View 220 results in a pie chart with improved labeling by running the optimization algorithm of the present invention. The readability of the pie chart is greatly improved by optimizing the position of the labels within the chart space. The algorithm has moved certain labels away from the anchors (slices) to which they are related, while others have been moved closer or even centered, or partially centered, within their anchors. Other labels have had lead line added to visually link the label with their associated anchor. View 220 illustrates that the algorithm uses various methods for providing the optimal layout for the labels of the chart.
FIG. 3 illustrates exemplary views 300 of a bubble chart with automatic labeling before and after label position optimization in accordance with the present invention.
View 310 illustrates that the labels on the bubble chart may be positioned such that determining their related anchors may not be possible. Furthermore, the text of the labels may not be positioned for optimal viewing of the bubbles within the chart, with text that overlaps the bubble edges.
View 320 is a bubble chart with improved labeling by running the optimization algorithm of the present invention. The readability of the bubble chart is greatly improved by optimizing the position of the labels within the chart space.
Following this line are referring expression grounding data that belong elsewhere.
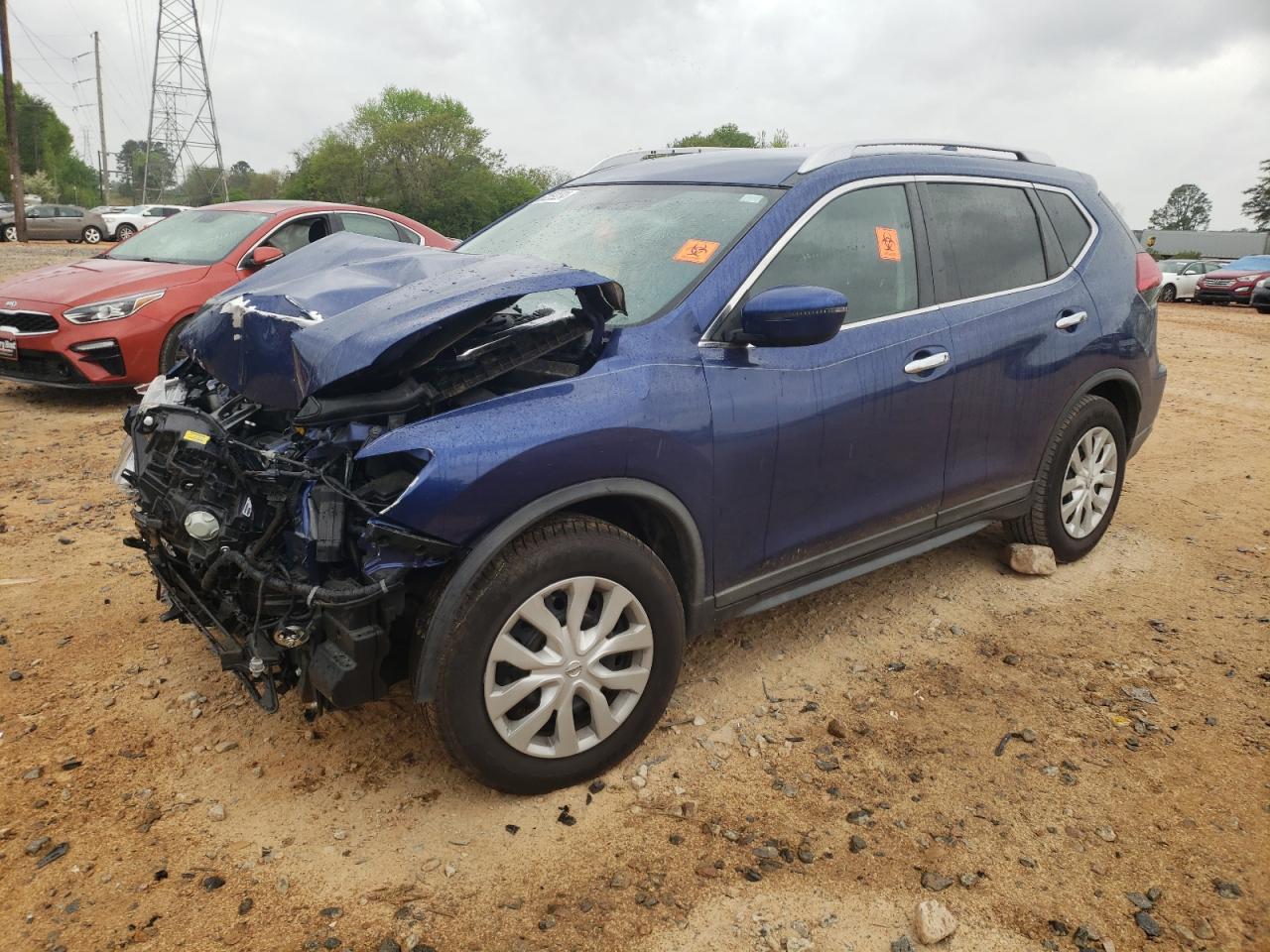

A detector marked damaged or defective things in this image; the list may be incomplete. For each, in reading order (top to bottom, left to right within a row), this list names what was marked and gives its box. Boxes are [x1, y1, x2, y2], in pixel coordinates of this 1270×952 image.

crushed front end [116, 236, 623, 714]
cracked hood [187, 233, 623, 409]
damaged blue suv [124, 141, 1167, 793]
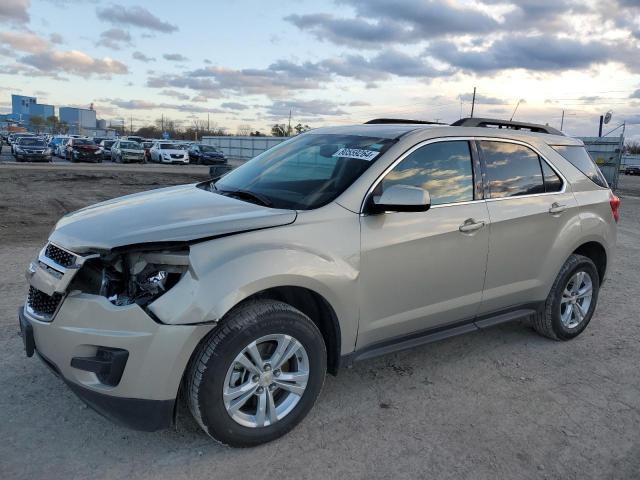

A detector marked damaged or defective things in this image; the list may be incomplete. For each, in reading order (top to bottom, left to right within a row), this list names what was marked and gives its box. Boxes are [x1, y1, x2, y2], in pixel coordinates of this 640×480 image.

crumpled hood [50, 183, 298, 253]
broken headlight [71, 248, 190, 308]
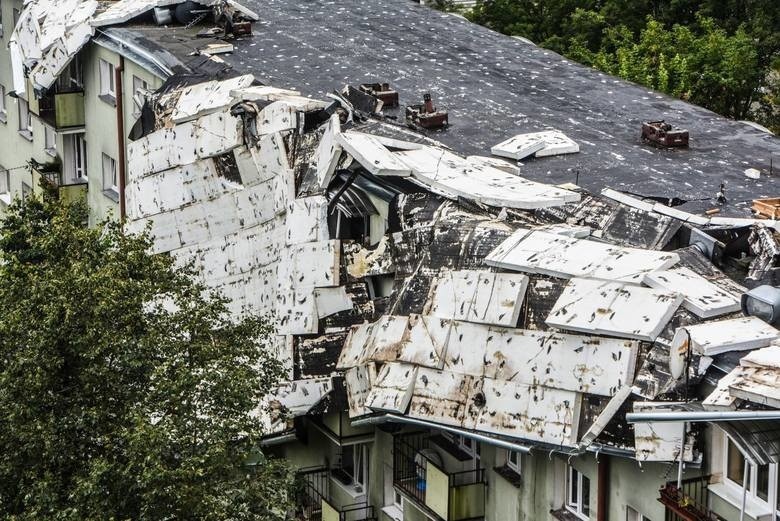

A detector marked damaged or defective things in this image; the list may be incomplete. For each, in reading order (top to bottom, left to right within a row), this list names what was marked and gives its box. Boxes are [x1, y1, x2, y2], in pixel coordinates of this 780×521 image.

damaged roof [221, 0, 780, 217]
torn metal sheet [488, 229, 676, 282]
torn metal sheet [426, 270, 532, 328]
torn metal sheet [544, 276, 684, 342]
torn metal sheet [644, 268, 740, 316]
torn metal sheet [346, 362, 376, 418]
torn metal sheet [366, 360, 420, 412]
torn metal sheet [632, 400, 696, 462]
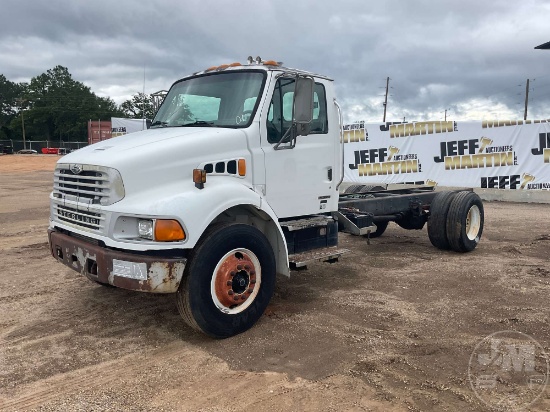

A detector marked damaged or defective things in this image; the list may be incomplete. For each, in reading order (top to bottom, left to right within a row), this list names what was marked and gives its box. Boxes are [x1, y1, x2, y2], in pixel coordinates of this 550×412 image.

rusty front bumper [49, 229, 188, 292]
rusty wheel rim [211, 249, 264, 314]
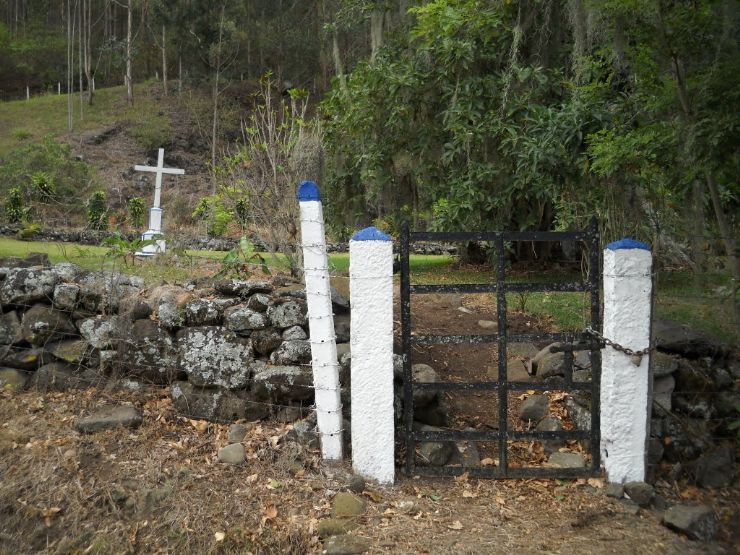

The algorithm has moved certain labels away from the anchors (bubbles) to which they are related, while others have been moved closer or even centered, or partially centered, within their anchors. Other labels have had lead line added to visually link the label with their associated anchor while moving the label a distance away from its associated anchor. View 320 illustrates that the algorithm uses various methods for providing the optimal layout for the labels of a bubble chart similar to the various method employed for the pie chart.
FIG. 4 illustrates exemplary views 400 of a timeline chart with automatic labeling before and after label position optimization an accordance with the present invention.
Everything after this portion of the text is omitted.